CV-1 cells were co-transfected with a Gal4 luciferase reporter and a series of chimeras in which the Gal4 DNA-binding domain is fused to the indicated nuclear receptor: A. RAR-related orphan receptor alpha (RORα), B. RORβ, C. mouse small heterodimer partner (SHP), and D. human SHP. The cells were treated with either DMSO or DPE (mg/L). Results are expressed as normalized luciferase activity relative to DMSO (set at 1) (mean ± SEM). Statistical differences are represented by letters.
Fig 7.
DPE acts as a co-agonist ligand for human and mouse FXR.
CV-1 cells were co-transfected with a luciferase reporter construct plus expression vectors as indicated A. Mouse FXR and B. Human FXR, and treated with vehicle (dimethylsulfoxide, DMSO) (white bars), 20, 50 or 100 mg/L DPE (gray bars), 100 μM CDCA (black bars) or 100 μM CDCA plus DPE as indicated (hatched bars). Results are expressed as fold change relative to the control (DMSO), normalized to the β-gal internal control (mean ± SEM). DPE: date palm extract; CD: chenodeoxycholic acid. Statistical differences are represented by letters. Bars with the same superscript letter are not significantly different from each other.
Fig 8.
DPE induces coactivator recruitment to bile acid-bound FXR.

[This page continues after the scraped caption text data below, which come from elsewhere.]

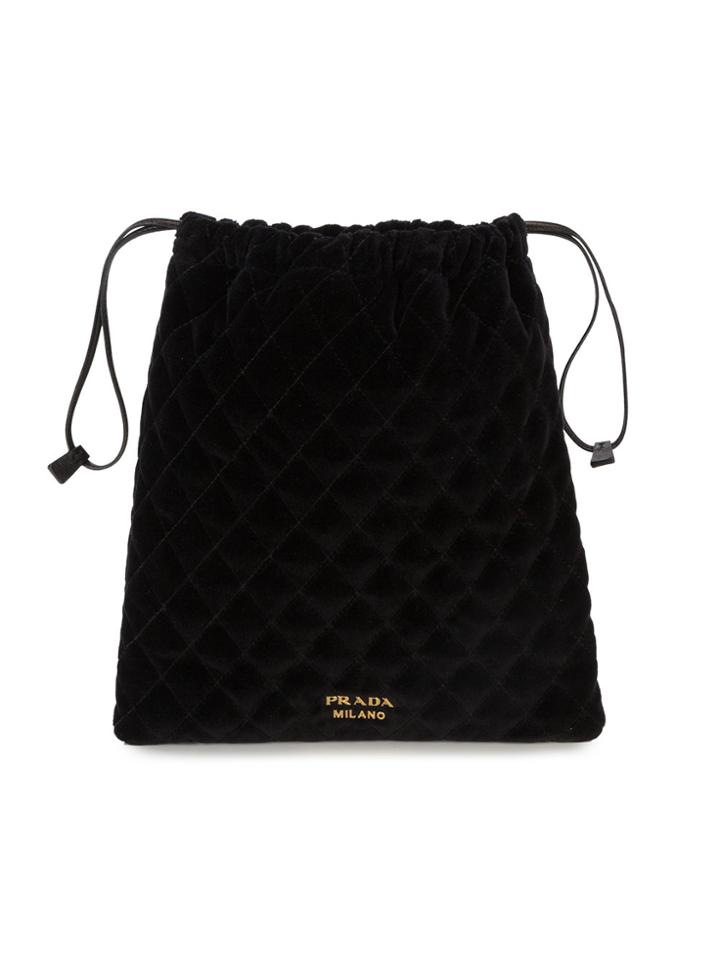 Prada Quilted Pouch Bag - Black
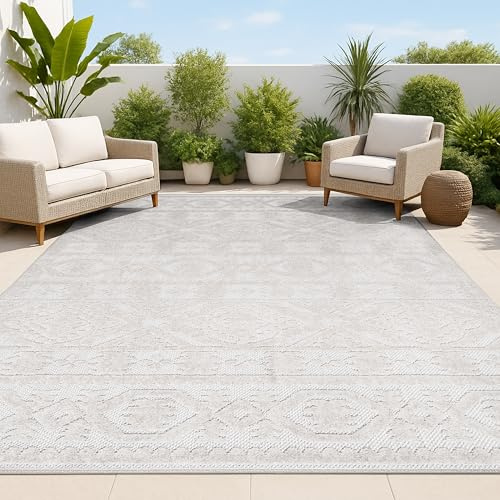 JONATHAN Y Mediterranean Tile Indoor Outdoor Area Rug 8X10 Beige, Citta High-Low Pile for Backyard, Patio, Porch, Easy-Cleaning, High Traffic, Pet-Friendly, Non-Shedding (SBH102A-8)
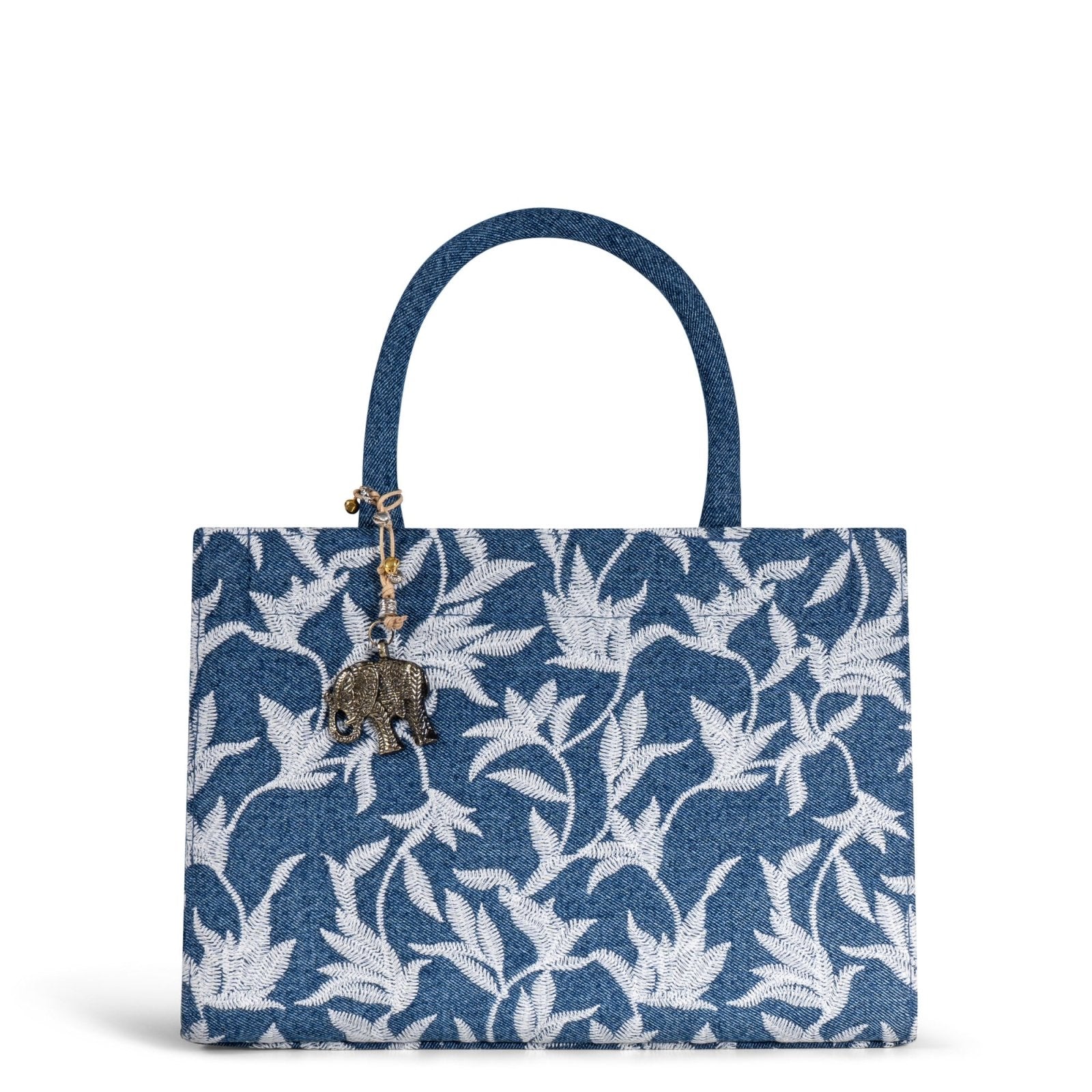 Book Tote Crochet mittlere Größe Blue Denim Blumenstick weiß - ANOKHI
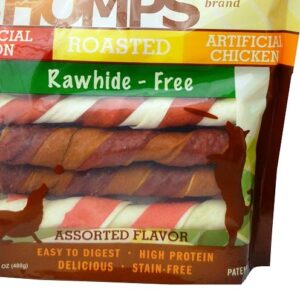 Pork Chomps Baked Pork Skin Dog Chews, 6-inch Twists, Assorted Flavors, 12 Count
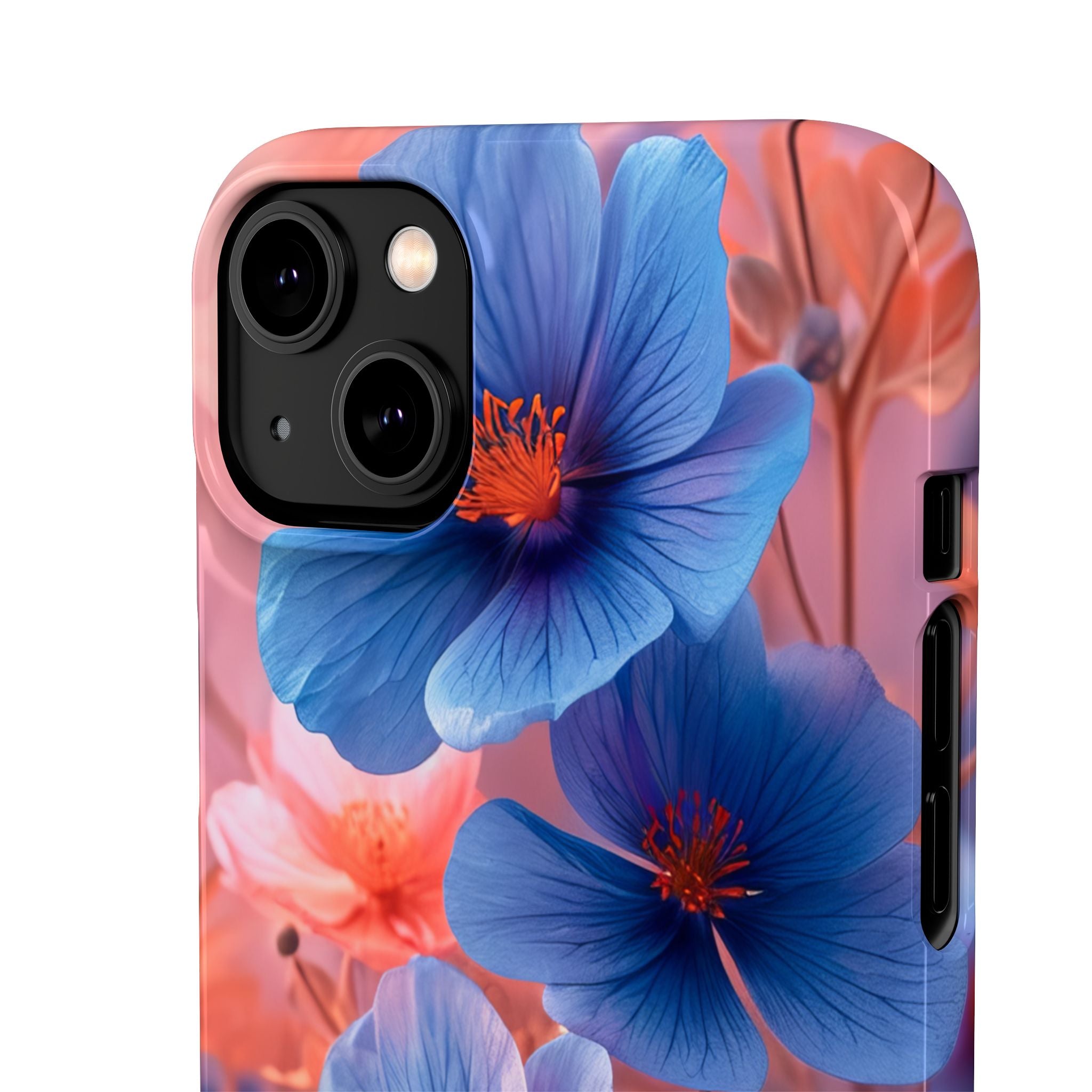 Harmonious Blooming Blues and Pinks iPhone 14 - Slim Phone Case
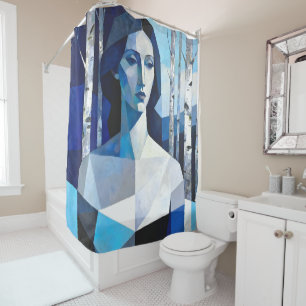 The Poise of “Caelith” – An Abstract Portrait Shower Curtain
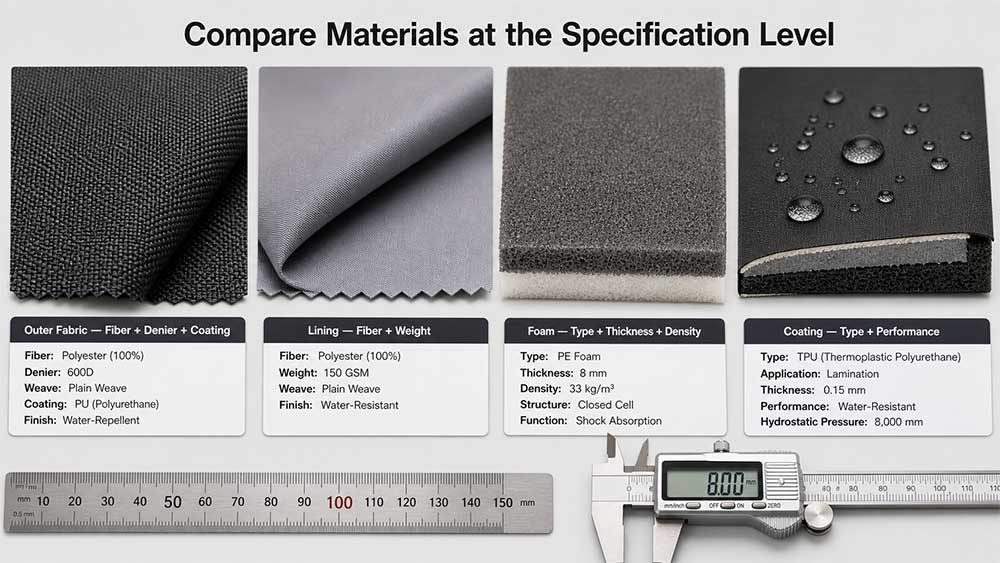 How to Compare Laptop Bag Quotations from Different Suppliers 5 Compare Materials at the Specification Level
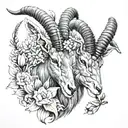 2x Ibex Heads with snowdrops and carnations tattoo design idea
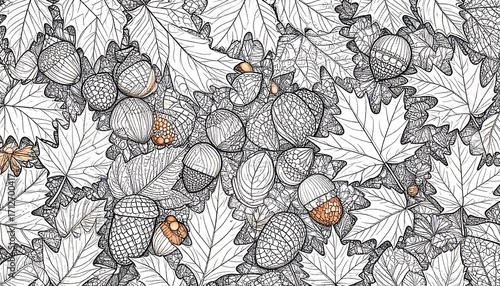 Wallpaper Mural Autumn Leaves and Acorns Pattern (1) Torontodigital.ca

CV-1 cells were co-transfected with a luciferase reporter construct plus expression vectors as indicated and treated with vehicle (dimethylsulfoxide, DMSO) (white bars), 20, 50, or 100 mg/L DPE (gray bars), 100 μM CDCA (black bars) or 100 μM CDCA + DPE (mg/L) (hatched bars). Results are expressed as fold change relative to the control (DMSO), normalized to the β-gal internal control (mean ± SEM). Statistical differences are represented by letters. Bars with the same superscript letter are not significantly different from each other.
Fig 9.
DPE differentially regulates FXR-target gene expression in vitro in Caco-2 cells.
Caco-2 cells were treated for 12 hours with either a negative control (DMSO), varying doses of DPE (20, 50 or 100 mg/L), 100 μM CDCA, or a combination of CDCA + DPE, as indicated. Relative gene expression is shown for A. ASBT, B. IBABP, C. FGF19, D. OSTα, E. OSTβ, and F. FXR. (Negative control (DMSO), white bars; DPE (20, 50 or 100 mg/L) (gray bars); CDCA (100 μM) (black bars); or in combination (hatched bars). Statistical differences are represented by letters. Bars with the same superscript letter are not significantly different from each other.